_WHAT THE TASK ASKS_
After locating the line that contains "Аккумулятор универсальный 8x25x35" in the data below, set down exactly that line and each one after it through the line that contains "vidaXL Bathroom Vanity", and nothing more.

** TASK DATA follows **

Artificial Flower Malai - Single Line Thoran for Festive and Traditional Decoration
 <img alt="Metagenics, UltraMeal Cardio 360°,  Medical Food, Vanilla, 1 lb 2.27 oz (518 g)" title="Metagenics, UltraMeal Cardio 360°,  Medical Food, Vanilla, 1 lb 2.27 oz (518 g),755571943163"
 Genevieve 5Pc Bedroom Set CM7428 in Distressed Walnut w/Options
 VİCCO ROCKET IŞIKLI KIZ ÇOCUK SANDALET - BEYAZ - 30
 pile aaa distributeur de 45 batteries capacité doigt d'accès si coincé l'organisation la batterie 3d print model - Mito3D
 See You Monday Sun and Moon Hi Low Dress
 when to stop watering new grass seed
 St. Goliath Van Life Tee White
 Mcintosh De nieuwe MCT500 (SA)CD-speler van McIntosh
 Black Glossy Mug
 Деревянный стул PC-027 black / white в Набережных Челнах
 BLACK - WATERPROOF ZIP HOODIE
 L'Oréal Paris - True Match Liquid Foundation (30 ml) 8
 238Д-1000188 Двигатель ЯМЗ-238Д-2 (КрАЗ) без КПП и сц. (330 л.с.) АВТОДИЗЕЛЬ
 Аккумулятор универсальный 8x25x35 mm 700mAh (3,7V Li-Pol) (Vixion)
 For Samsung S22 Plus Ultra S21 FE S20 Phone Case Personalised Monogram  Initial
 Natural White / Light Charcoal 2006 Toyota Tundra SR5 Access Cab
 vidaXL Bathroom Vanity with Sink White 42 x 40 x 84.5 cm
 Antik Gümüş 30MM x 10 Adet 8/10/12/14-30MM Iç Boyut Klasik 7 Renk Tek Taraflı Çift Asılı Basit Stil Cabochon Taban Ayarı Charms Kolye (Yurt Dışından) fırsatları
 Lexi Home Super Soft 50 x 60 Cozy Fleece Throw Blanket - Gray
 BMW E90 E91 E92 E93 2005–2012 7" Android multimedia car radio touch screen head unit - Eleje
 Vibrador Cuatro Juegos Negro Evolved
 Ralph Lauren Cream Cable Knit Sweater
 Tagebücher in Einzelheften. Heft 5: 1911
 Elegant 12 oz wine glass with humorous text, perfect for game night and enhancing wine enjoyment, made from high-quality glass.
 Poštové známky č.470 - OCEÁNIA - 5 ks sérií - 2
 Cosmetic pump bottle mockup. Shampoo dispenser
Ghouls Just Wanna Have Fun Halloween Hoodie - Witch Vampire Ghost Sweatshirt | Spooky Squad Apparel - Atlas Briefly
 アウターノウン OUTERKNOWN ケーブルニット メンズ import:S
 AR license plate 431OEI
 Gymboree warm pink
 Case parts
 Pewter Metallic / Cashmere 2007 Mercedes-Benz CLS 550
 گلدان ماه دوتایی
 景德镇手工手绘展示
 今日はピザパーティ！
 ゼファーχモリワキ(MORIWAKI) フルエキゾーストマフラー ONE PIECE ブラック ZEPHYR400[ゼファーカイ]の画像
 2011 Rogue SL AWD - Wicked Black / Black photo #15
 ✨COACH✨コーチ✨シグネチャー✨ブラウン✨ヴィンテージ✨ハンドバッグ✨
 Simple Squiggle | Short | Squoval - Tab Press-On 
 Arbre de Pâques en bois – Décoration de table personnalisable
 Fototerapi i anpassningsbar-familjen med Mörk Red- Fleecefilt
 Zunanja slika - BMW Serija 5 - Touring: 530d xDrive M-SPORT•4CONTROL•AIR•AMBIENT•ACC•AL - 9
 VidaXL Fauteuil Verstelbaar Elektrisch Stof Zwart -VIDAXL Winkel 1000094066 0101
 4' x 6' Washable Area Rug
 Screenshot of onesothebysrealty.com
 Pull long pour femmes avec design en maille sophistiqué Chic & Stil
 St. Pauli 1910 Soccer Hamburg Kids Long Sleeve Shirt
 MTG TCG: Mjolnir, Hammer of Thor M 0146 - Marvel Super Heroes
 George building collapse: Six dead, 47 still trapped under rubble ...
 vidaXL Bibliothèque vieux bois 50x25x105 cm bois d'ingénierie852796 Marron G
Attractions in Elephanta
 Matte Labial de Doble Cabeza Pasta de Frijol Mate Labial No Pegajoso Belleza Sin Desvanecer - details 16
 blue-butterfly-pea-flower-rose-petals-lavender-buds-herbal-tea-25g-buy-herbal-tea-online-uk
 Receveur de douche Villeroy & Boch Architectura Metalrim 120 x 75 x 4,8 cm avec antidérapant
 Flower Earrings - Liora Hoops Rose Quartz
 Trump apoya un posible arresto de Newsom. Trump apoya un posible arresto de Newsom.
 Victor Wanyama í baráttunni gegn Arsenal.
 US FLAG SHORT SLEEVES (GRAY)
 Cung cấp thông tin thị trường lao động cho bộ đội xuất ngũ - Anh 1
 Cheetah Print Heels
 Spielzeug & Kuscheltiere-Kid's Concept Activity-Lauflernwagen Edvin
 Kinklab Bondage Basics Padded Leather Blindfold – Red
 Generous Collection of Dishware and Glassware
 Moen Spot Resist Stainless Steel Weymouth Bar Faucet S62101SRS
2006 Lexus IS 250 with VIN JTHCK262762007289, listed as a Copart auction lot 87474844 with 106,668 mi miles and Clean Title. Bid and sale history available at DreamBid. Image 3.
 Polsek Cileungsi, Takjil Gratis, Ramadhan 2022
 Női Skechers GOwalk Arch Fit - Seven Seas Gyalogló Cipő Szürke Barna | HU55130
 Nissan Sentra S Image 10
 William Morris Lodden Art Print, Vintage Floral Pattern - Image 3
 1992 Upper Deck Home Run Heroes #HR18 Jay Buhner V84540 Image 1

** End of TASK DATA **

_SOLUTION TO THIS EXERCISE_
 Аккумулятор универсальный 8x25x35 mm 700mAh (3,7V Li-Pol) (Vixion)
 For Samsung S22 Plus Ultra S21 FE S20 Phone Case Personalised Monogram  Initial
 Natural White / Light Charcoal 2006 Toyota Tundra SR5 Access Cab
 vidaXL Bathroom Vanity with Sink White 42 x 40 x 84.5 cm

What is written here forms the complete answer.